It can be tough to deal with family members constantly asking about your life. Although the questions usually are well-meaning, singles living alone can get tired of a meddling family.

In China, they now have a solution to the problem. A trio of software developers has launched a new app to keep family members in the loop about your well-being.

 

 The app is called “Are You Dead?”

At its heart is a very simple application that periodically requires users to click a button to confirm that they are, in fact, alive and well.

Should the user fail to do so, the app will send out emergency messages to selected contacts. They can then check up on the user and call for help, if necessary.

You might imagine that most users of “Are You Dead?” would be senior citizens. Yet, China’s young people have embraced the app to put their friends’ and families’ minds at ease.

The app’s morbid name has raised some eyebrows and caught the attention of Chinese government censors who are now demanding a friendlier title.

The app could not be simpler. Every two days, it will ask you a required question: “Are you dead?”

To avoid being labeled dead by the app, you must press the big green button on the screen. If you do, you can continue your life in peace for two more days.

If you do not tap the button, the app will assume that you may, indeed, be dead. In that case, it will send a message to your chosen emergency contacts, urging them to check on your well-being.

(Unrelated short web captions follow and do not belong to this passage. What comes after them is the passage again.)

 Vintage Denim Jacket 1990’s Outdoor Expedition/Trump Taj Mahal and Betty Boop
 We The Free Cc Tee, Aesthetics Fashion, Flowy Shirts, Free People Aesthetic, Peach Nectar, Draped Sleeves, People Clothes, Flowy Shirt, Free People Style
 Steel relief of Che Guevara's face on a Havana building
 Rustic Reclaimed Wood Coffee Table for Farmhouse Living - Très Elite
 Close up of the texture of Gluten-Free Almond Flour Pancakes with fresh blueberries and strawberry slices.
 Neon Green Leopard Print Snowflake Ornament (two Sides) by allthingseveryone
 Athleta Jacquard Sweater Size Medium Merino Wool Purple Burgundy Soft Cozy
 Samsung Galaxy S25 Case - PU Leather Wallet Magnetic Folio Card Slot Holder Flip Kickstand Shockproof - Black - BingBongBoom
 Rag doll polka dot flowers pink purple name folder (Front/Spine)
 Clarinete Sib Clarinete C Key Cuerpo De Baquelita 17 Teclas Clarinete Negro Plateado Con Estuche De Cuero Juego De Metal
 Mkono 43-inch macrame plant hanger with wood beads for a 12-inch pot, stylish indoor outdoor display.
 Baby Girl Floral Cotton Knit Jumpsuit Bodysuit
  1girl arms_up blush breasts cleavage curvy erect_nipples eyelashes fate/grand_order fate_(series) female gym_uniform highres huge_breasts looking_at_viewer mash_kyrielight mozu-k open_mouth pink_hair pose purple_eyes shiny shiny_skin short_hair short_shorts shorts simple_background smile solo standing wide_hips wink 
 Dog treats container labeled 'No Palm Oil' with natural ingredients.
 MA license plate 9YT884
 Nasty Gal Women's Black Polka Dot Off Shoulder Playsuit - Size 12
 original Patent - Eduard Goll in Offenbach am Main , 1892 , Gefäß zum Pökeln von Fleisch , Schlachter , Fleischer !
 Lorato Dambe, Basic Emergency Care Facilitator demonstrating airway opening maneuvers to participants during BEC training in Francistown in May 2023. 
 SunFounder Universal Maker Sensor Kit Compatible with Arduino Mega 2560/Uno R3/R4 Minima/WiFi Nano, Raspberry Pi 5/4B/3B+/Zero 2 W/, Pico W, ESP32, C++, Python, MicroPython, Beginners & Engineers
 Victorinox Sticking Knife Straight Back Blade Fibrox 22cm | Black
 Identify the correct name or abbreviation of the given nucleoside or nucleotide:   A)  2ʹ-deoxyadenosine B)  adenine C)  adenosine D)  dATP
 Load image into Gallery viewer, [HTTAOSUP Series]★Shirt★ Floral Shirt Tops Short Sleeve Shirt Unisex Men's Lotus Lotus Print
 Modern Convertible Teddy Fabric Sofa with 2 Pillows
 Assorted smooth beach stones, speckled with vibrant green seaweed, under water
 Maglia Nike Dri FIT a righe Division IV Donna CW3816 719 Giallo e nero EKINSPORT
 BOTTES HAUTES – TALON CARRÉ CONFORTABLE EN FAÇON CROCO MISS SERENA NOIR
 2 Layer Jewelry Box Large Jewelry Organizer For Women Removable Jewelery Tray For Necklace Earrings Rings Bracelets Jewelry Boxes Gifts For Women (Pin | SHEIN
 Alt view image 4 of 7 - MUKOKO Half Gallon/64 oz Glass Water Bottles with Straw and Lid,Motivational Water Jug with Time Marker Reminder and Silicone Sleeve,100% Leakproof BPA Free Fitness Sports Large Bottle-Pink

The app charges eight yuan (roughly, NTD$35 or USD$1.15) for every click.

It is easy to think that “Are You Dead?” was designed particularly with older folks in mind. Indeed, it is similar of the alert buttons that care-home residents wear on their wrists.

However, according to the app’s three developers, its target audience is young people. And that seems to be right — “Are You Dead?” was the most downloaded paid app in all of China.

According to Ian Lu, one of the app’s developers, it provides a solution to a real need.

In search of education and work, millions of young Chinese have moved to large cities many kilometers away from their homes.

However, this life-style disrupts centuries of established Chinese tradition. In the past, families in China were very close-knit, with relatives living, at most, in the next village.

Today, families are finding it hard to deal with the change. Parents and grandparents want to keep in constant touch with their kids, who, in turn, can find their endless questioning frustrating.

Are You Dead?” solves this problem, sort of. Parents can automatically check the app and know that their kids continue to live, while the kids do not have to answer the phone every few hours.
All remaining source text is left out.